Amazon has whittled down 238 applicants to 20 finalists across North America for its second headquarters.

During the bidding process, which began in early September last year, cities across the continent made a mad dash to entice Amazon to come to town, some with bizarre acts of grandeur.

Tucson, Arizona, sent , while the mayor of Kansas City, Missouri, said he bought 1,000 items on and left reviews with . Neither of those stunts worked, as both cities failed to make the final list. No, instead, the have offered massive tax incentives and development sites, among other deals to sweeten the pot.

It’s not hard to see why all these cities are so thirsty for Amazon to pick them. The company expects to spend more than $5 billion on its new project and add up to 50,000 jobs to its new headquarters as well.

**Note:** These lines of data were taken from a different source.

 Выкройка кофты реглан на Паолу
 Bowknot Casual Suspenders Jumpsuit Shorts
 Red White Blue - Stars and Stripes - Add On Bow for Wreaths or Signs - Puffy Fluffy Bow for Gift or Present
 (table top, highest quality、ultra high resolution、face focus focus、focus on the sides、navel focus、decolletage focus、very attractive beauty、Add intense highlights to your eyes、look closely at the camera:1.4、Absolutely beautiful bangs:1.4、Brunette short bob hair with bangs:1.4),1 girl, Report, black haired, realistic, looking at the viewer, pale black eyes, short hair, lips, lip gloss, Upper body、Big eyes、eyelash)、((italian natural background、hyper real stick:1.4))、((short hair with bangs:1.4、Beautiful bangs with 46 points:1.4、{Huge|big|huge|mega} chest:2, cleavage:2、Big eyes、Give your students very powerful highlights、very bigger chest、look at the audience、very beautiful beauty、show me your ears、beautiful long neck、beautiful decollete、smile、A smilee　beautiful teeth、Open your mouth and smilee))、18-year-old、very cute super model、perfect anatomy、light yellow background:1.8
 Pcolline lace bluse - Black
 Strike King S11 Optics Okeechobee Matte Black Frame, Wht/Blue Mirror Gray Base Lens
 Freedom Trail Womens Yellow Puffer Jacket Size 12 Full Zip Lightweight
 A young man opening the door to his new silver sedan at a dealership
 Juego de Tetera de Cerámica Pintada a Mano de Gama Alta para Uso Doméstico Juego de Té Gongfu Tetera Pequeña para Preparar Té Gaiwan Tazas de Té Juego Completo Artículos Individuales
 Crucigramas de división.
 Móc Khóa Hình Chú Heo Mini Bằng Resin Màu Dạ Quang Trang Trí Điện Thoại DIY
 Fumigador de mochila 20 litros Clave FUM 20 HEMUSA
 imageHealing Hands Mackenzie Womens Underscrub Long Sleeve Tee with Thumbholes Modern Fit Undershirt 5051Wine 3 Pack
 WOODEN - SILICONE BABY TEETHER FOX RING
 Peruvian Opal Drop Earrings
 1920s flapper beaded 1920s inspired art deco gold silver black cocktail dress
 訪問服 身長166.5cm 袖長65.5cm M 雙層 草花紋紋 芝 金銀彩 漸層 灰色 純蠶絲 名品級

We looked up all the offers these 20 cities made to Amazon in their bid to win over the Seattle company. Five have kept the details a secret, seven offered major tax breaks, and one said it would make Amazon founder Jeff Bezos “mayor for life” in a new city named Amazon.

Atlanta: Atlanta’s mayor, Kasim Reed, said the city would offer incentives and . In Stonecrest, a Georgia city about 20 miles east of Atlanta, the mayor offered to rename it “Amazon” and instate Jeff Bezos .

Austin, Texas: Austin hasn’t publicly disclosed any type of tax incentive or break for Amazon. In its bid, miami condo mortgage broker the city decided to tout its culture, instead. The city’s mayor, Steve Adler, said it’s offering Amazon .

Boston: The city proposed an “Amazon Task Force” in . It would essentially entail paid city staffers whose sole purpose is to represent Amazon’s interests to Boston’s government.

Chicago: The city offered $2 billion in tax breaks, and suggested it could .

Columbus, Ohio: The Midwestern city . These offers would save Amazon millions in taxes for more than a decade.